**What the task asks**
After finding "Sono Karada, Omochikaeri de" in the data, write out its line and all following lines without change, up to and including the last one. Leave out pictures.

Brief descriptive captions
== == ==

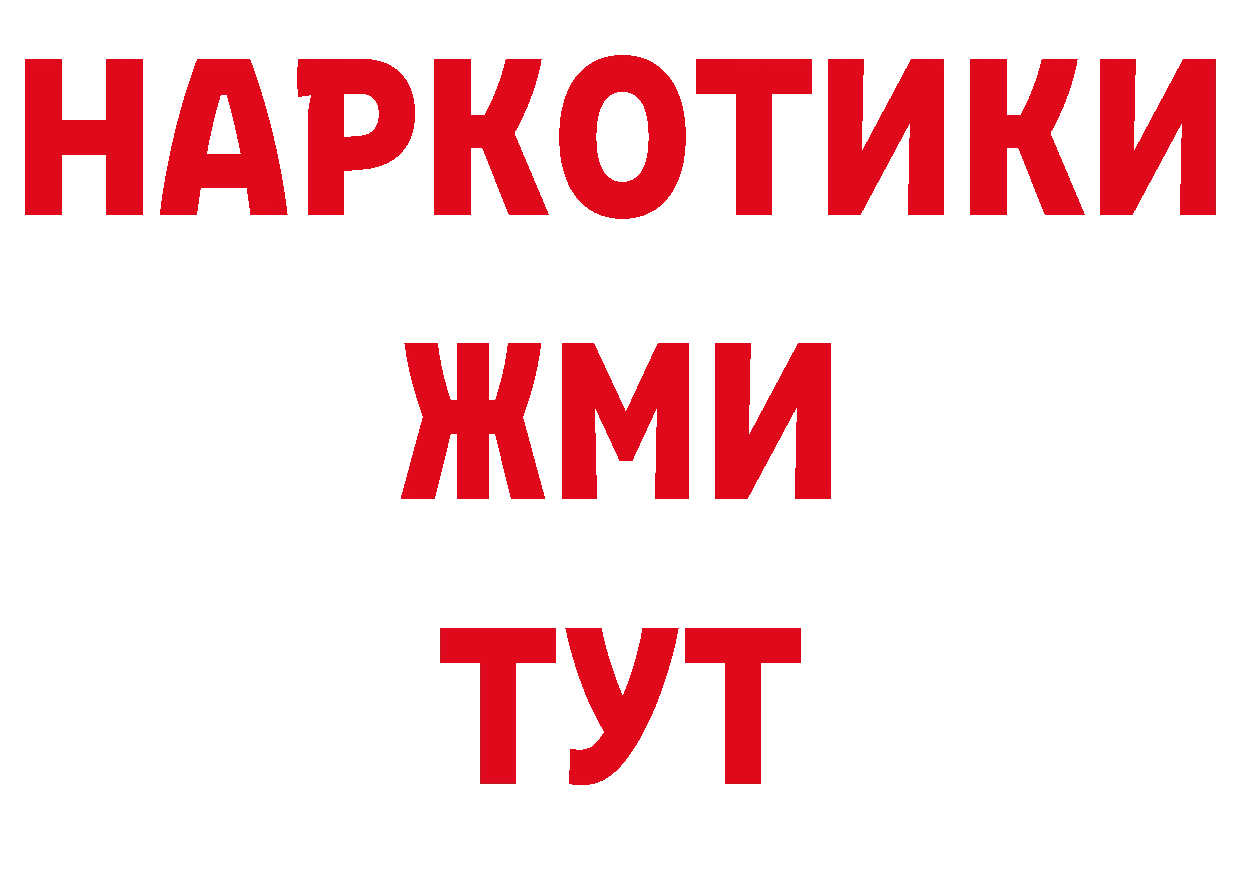 Героин афганец онион сайты даркнета hydra Орлов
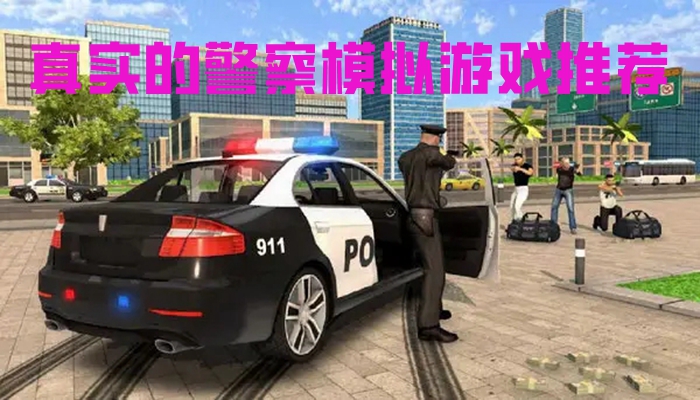真实的警察模拟游戏推荐
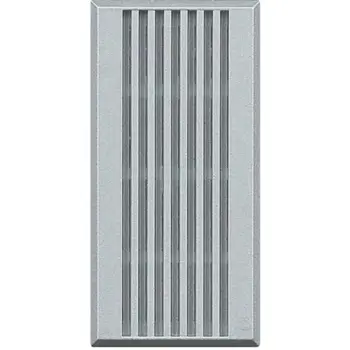 AXOLUTE ZUJALICA 12V/5VA/80DB-1M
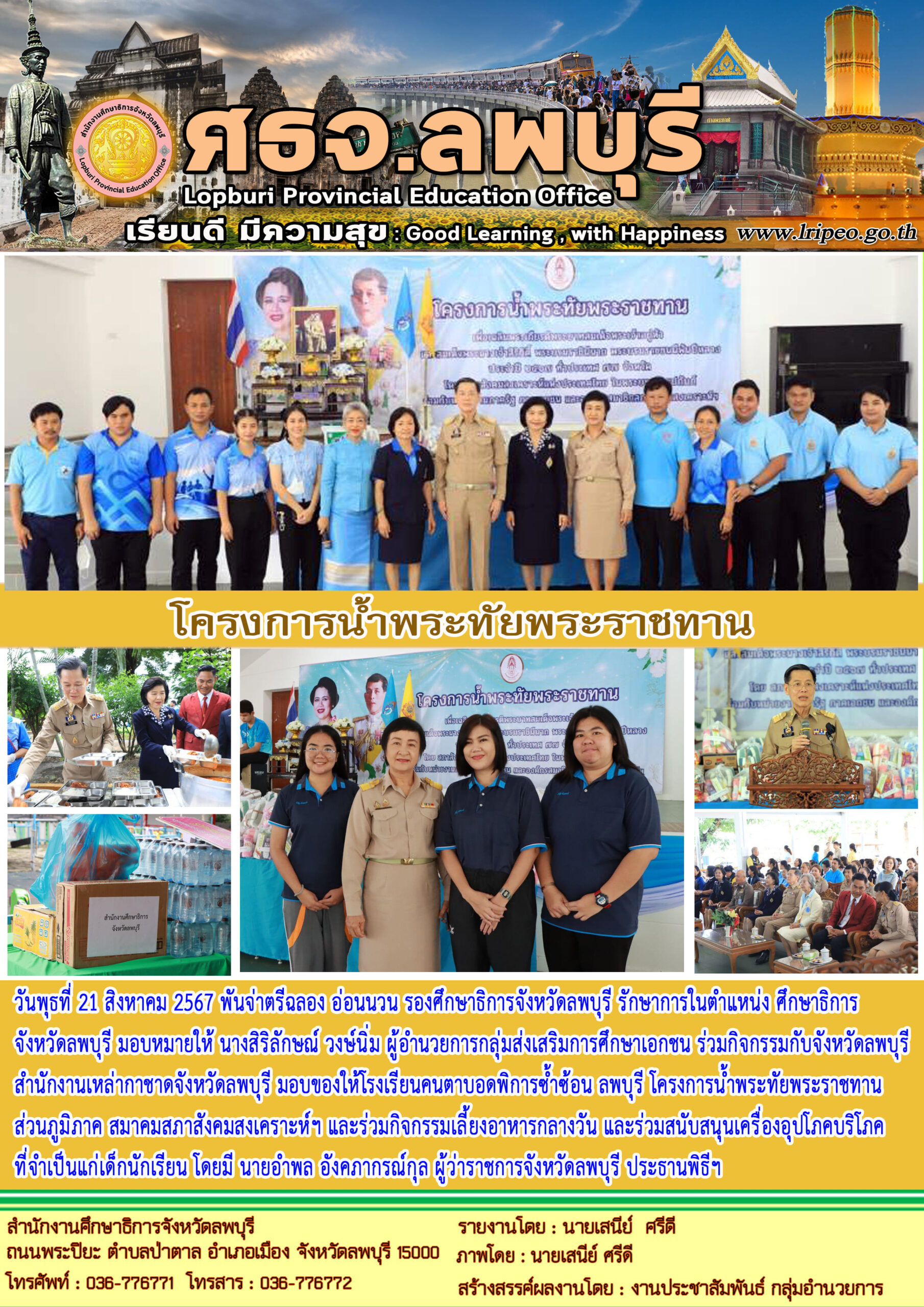 โครงการน้ำพระทัยพระราชทาน  มอบของให้โรงเรียนคนตาบอดพิการซ้ำซ้อน ลพบุรี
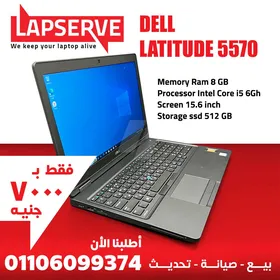 Dell latitude 5570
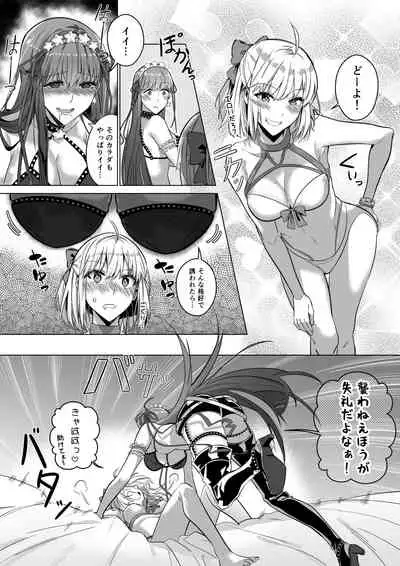 Sono Karada, Omochikaeri de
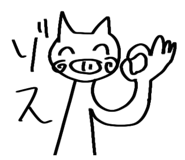 784625450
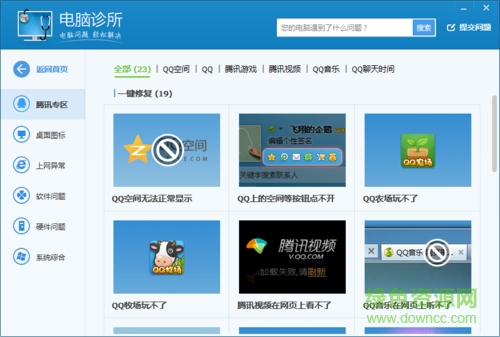 qq������������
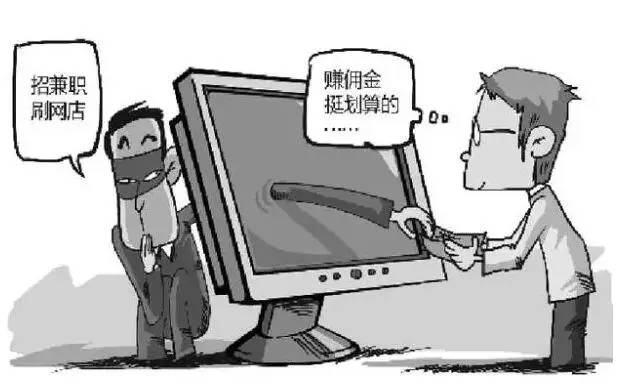 办理POS机骗局揭秘，如何避免陷入不法分子的陷阱？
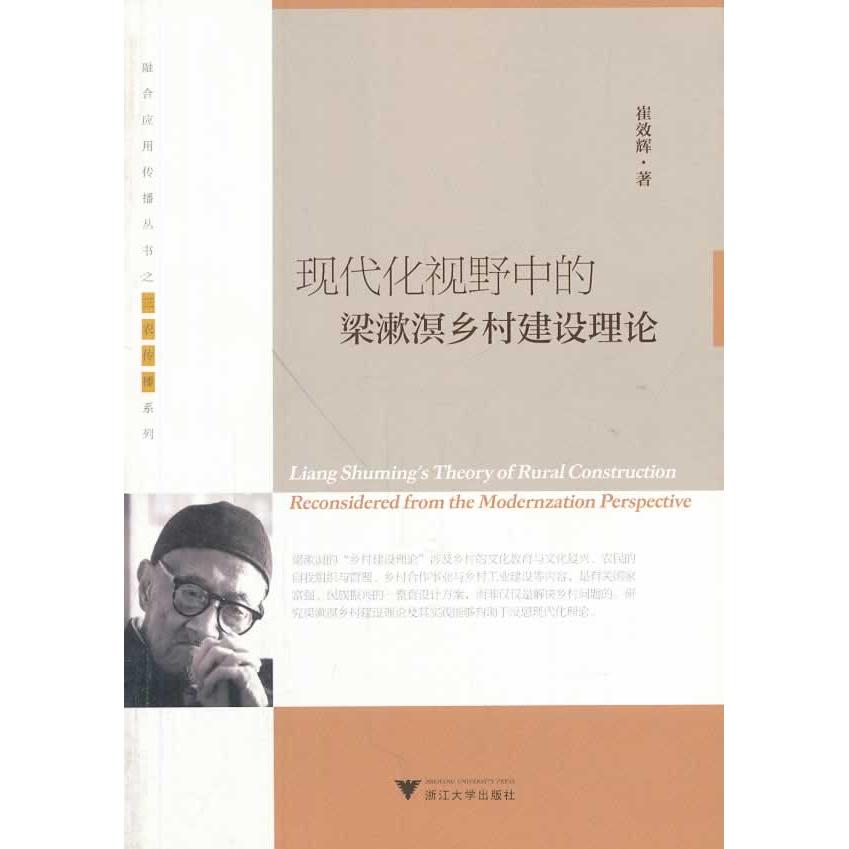 正版包邮 现代化视野中的梁漱溟乡村建设理论 崔效辉 9787308115476 浙江大学出版社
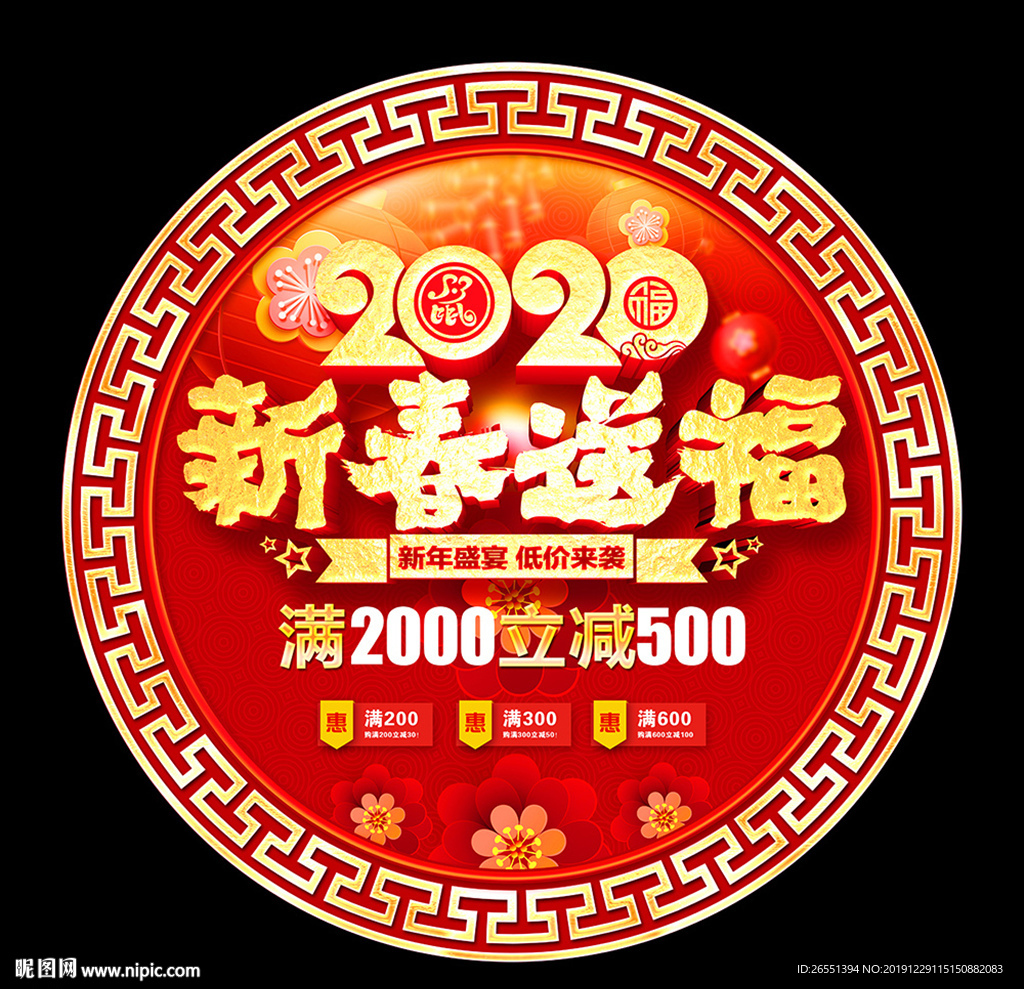 吊旗 新年吊旗 鼠年吊旗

== == ==

**The completed task**
 Sono Karada, Omochikaeri de
 784625450
 qq������������
 办理POS机骗局揭秘，如何避免陷入不法分子的陷阱？
 正版包邮 现代化视野中的梁漱溟乡村建设理论 崔效辉 9787308115476 浙江大学出版社
 吊旗 新年吊旗 鼠年吊旗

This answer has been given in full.